During the spring of 1997 negotiations took place, resulting in a deal on 20 May where Lord Moyne would buy the company from Norberg for 241 million SEK. The contract contained two important clauses. First, the contract gave Norberg the right to buy Trustor's stocks in the most valuable company Kanthal, at book value. Second, the contract also gave Moyne a few days respite for the payment, which eliminated the need for a short-term loan. At about that time Lord Moyne asked Lindsay Smallbone if he would agree to be CEO after the takeover.

On 10 June Sandvik made an offer to buy Kanthal for 827 million SEK, altering the deal with Norberg. A new deal was reached a few days later where Norberg was compensated for not being able to buy Kanthal. Trustor now had the funds needed in order to complete the plan. On 13 June an extra shareholders' meeting was held, where Lord Moyne was appointed president and Lindsay Smallbone CEO.

Team Moyne now only had a few days to sort out the payment to Norberg, so on 18 June Moyne, Smallbone, Jisander and Mattsson met with two bank officers at Barclays Bank in London. At the meeting accounts were set for Trustor as well as for Lord Moyne and Jisander and in the following days a total of 730 million SEK was transferred from Trustor's account in Swedish SEB to Trustor's new account in England. 600 million SEK of the money in Trustor's account was later transferred to Jisander's account in the same bank of which 585 million was then sent directly to Lord Moyne. On 25 June the 241 million which had been agreed upon was paid to Per-Olof Norberg.

30 June was the last day for the financial statement and mostly because of the payment to Norberg, Trustor now lacked almost 300 million SEK. Lord Moyne took a loan of 293 million SEK from Van Lanschot Bankiers, based in Luxembourg, and the money was then transferred to Trustor's account in the same bank. The following day the money was transferred back to Lord Moyne who then repaid the loan.

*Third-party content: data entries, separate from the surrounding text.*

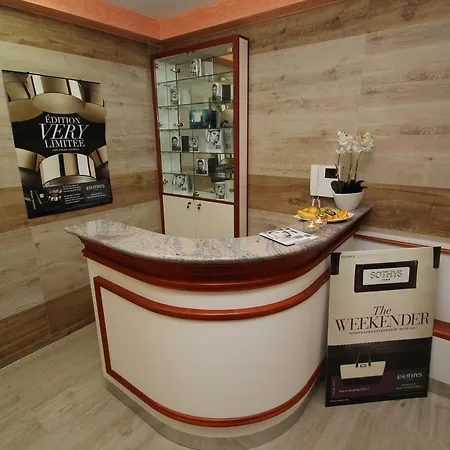 Palace Hotell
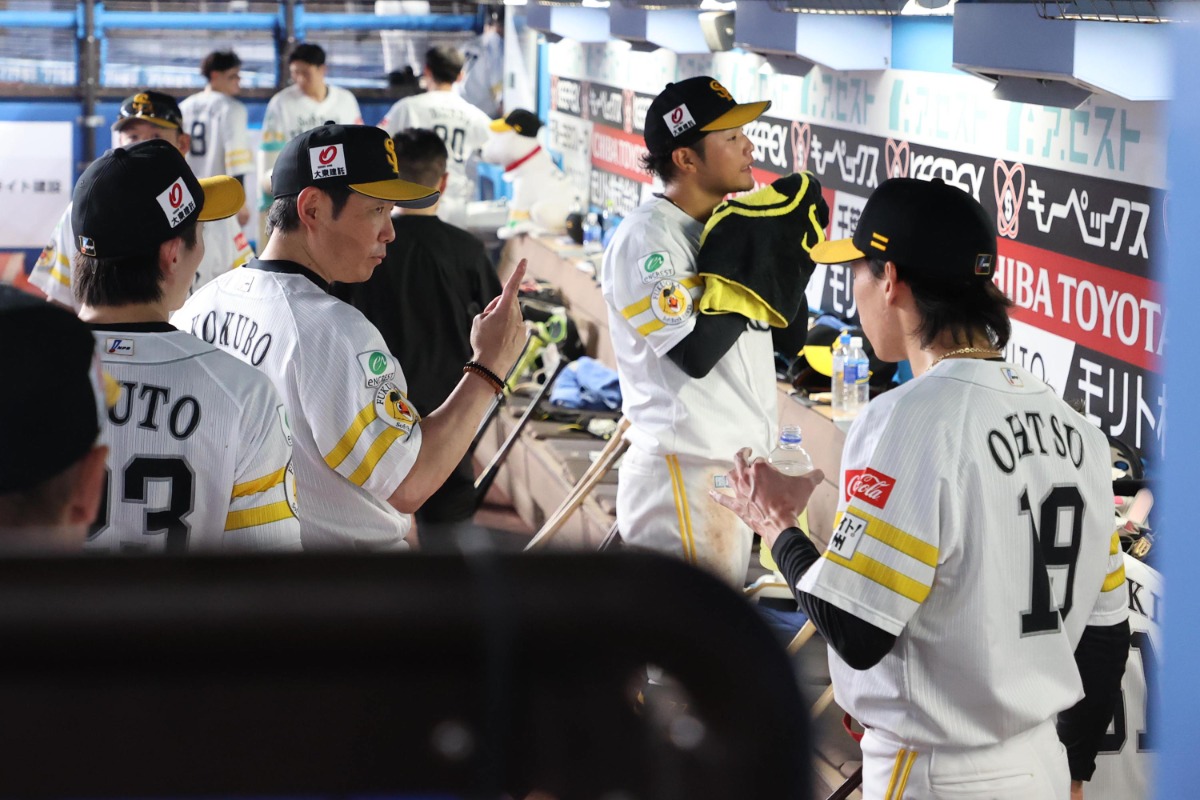 大津に対して人差し指を立て、声をかける小久保裕紀監督【写真：栗木一考】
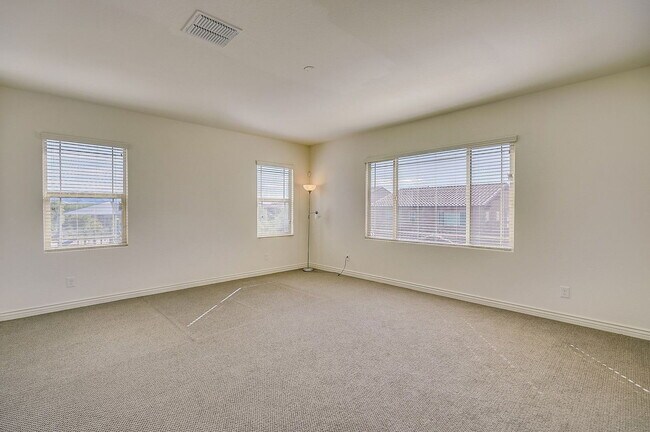 Building Photo - 4529 E Vista Bonita Dr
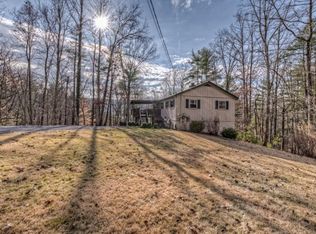 889 Lakeview Dock Rd, Bristol, TN 37620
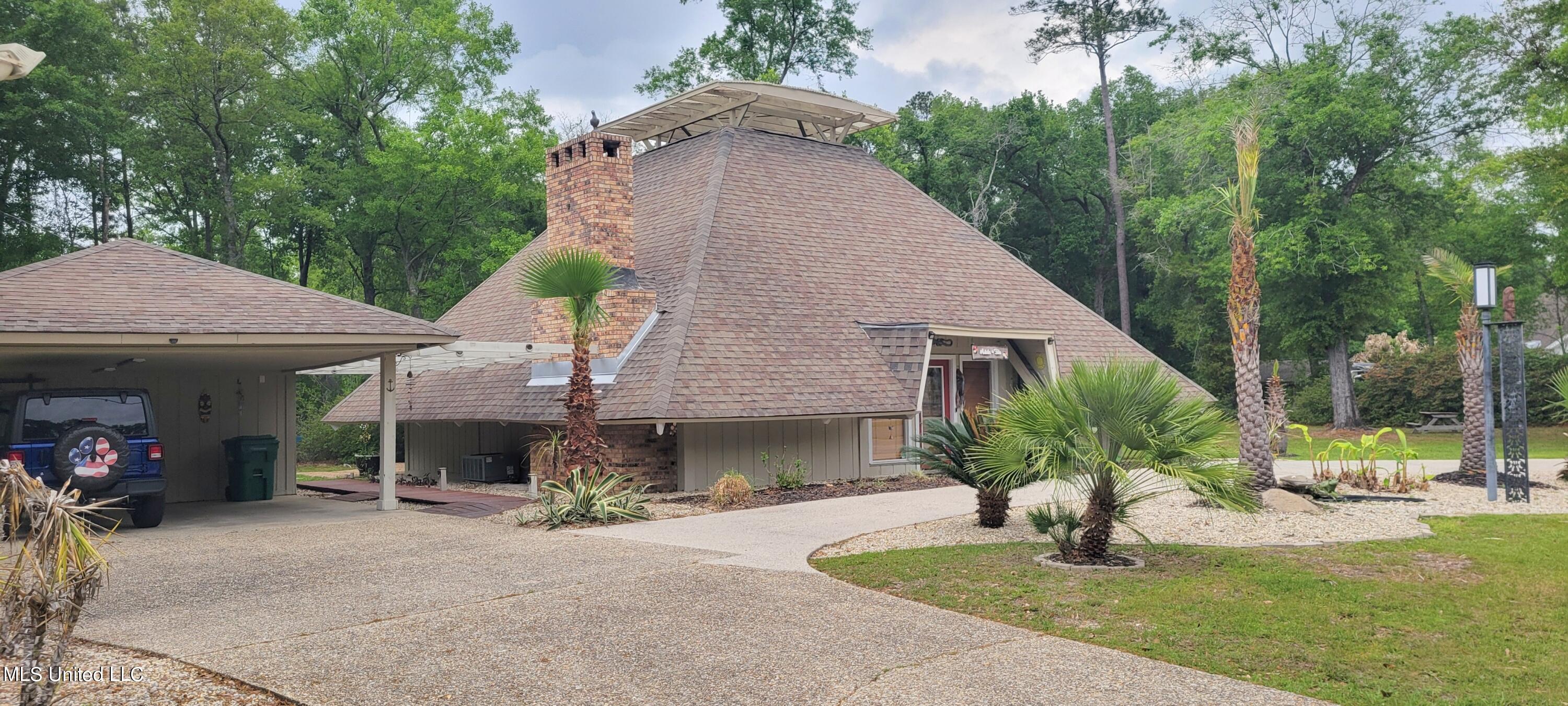 8332 Makiki Drive, Diamondhead, Mississippi image 40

On 31 October an article about Trustor, written by Gunnar Lindstedt, was published in Svenska Dagbladet. In the article Lindstedt wrote about Lord Moyne, Mattsson and Smallbone following a meeting with them in London. The same day a preliminary investigation started to look into the acquisition and the group of people behind it. After a discussion with the company the Stockholm stock exchange stopped the trading in Trustor. The Swedish Economic Crime Authority made an investigation into all transactions to see how much and where to the money had gone. They later concluded that 478 million had disappeared from Trustor. Smallbone arranged for the Luxembourg loan to be frozen and this together with the realisation of undervalued assets meant the value of company increased.

===Aftermath===
The legal aftermath had started and on December 23 Stockholm District Court decided that a compulsory liquidation should be carried through. Because of Smallbone and Moyne this was a long process since they wanted a share of the salvage value. However the stocks Moyne bought were distributed among the shareholders. Trustor's assets were sold and in the end of the year there was 1.5 billion SEK to be distributed among the minority shareholders. When trade in the stock was resumed the stock price rose to 58,50 from 32 SEK before the take over. Because of the take over the under valuated assets could finally be realized and were sold at market price and their real value recovered by Trustor AB.

Joachim Posener refused to return to Sweden to be questioned and was sought by Interpol but was never apprehended. Lord Moyne was declared bankrupt and later prosecuted along with Jisander and Mattsson. Moyne was acquitted due to lack of evidence and after appeal so were also Jisander and Mattsson. However Jisander was later prosecuted and convicted in 2009 for embezzlement related to Trustor. He is the only one to be convicted of a crime in connection with the Trustor Affair. There are no longer any open police investigations concerning the Trustor Affair as the statutes of limitations are in effect since June 2007. Smallbone was never prosecuted but was sued in a civil lawsuit by Trustor but this was later abandoned. Separate lawsuits were issued against Jisander, Moyne and Posener. Trustor also started a court case in 1999 against Barclay's Bank for their part in the irregularities.